Alternatively, the first transport section 310 may be provided so that at least a portion thereof overlaps the processing section 330 in a plan view. That is, the first transport section 310 may be provided such that at least a portion thereof is located above or below the processing section 330.

(2) In the substrate processing apparatus 1 according to the above embodiment, the frame members 10a and 10b of the carrier 9 in the vertical posture are maintained parallel to the vertical direction, but the frame members of the carrier 9 in the vertical posture 10a and 10b may be maintained substantially parallel to the vertical direction. That is, the carrier 9 in the vertical position only needs to be able to hold the plurality of accommodated substrates W in parallel or substantially parallel to the vertical direction.

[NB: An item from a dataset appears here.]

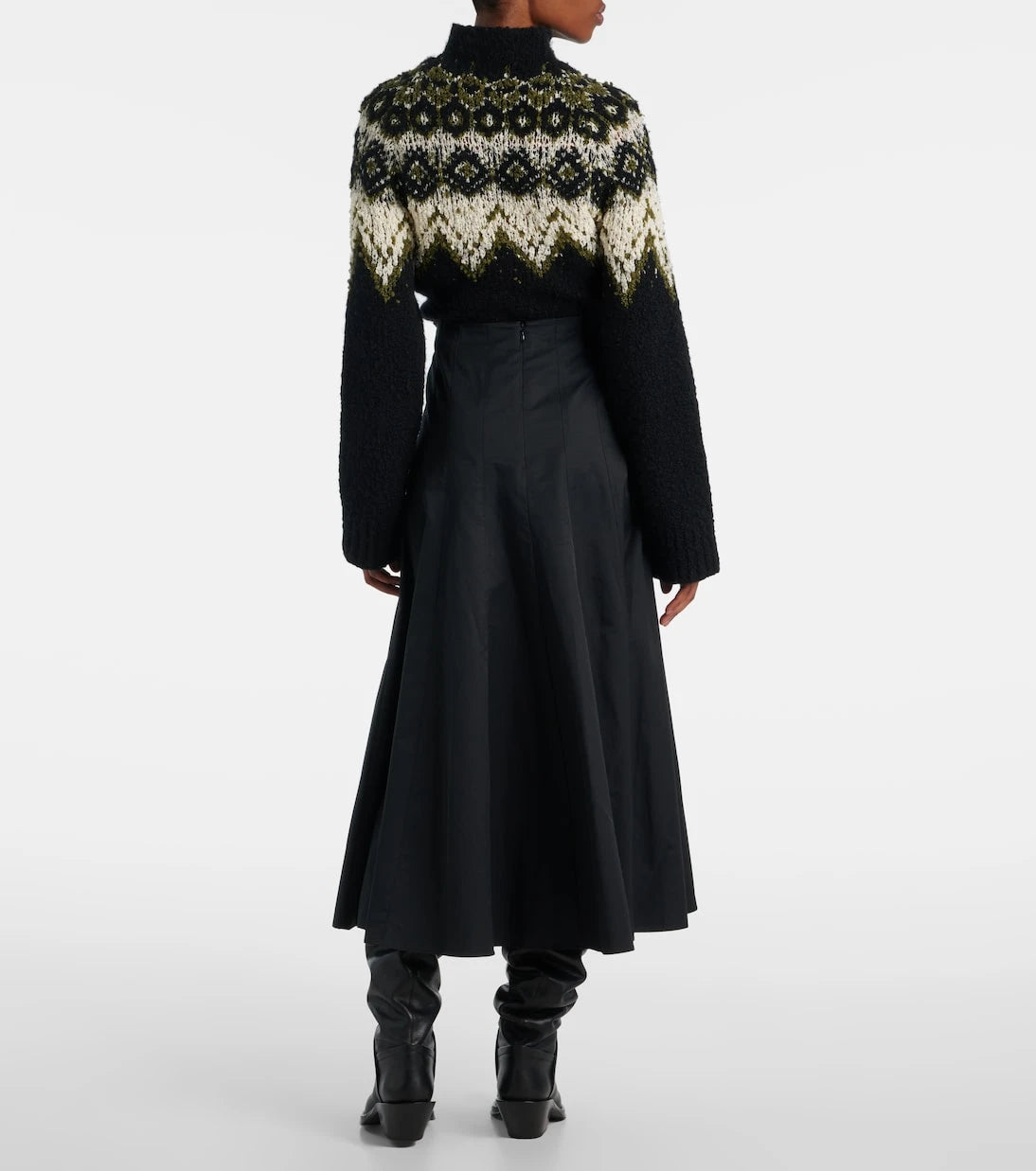Proenza Schouler - Heidi cotton-blend midi skirt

Further, in the substrate processing apparatus 1 according to the above embodiment, the frame members 10a and 10b of the carrier 9 in the horizontal position are maintained perpendicular to the vertical direction, but the frame members 10a and 10b of the carrier 9 in the horizontal position are maintained perpendicular to the vertical direction. The members 10a and 10b may be maintained substantially perpendicular to the vertical direction. That is, the carrier 9 in the horizontal position only needs to be able to hold the plurality of accommodated substrates W in parallel or substantially parallel to the horizontal direction.

(3) In the substrate processing apparatus 1 according to the embodiment described above, the maintenance space MS1 is formed so as to be adjacent to all of the plurality of processing tanks 331a of the processing section 330 in the Y direction. is not limited to this. The maintenance space MS1 may be formed adjacent to some of the processing tanks 331a of the processing section 330 in the Y direction.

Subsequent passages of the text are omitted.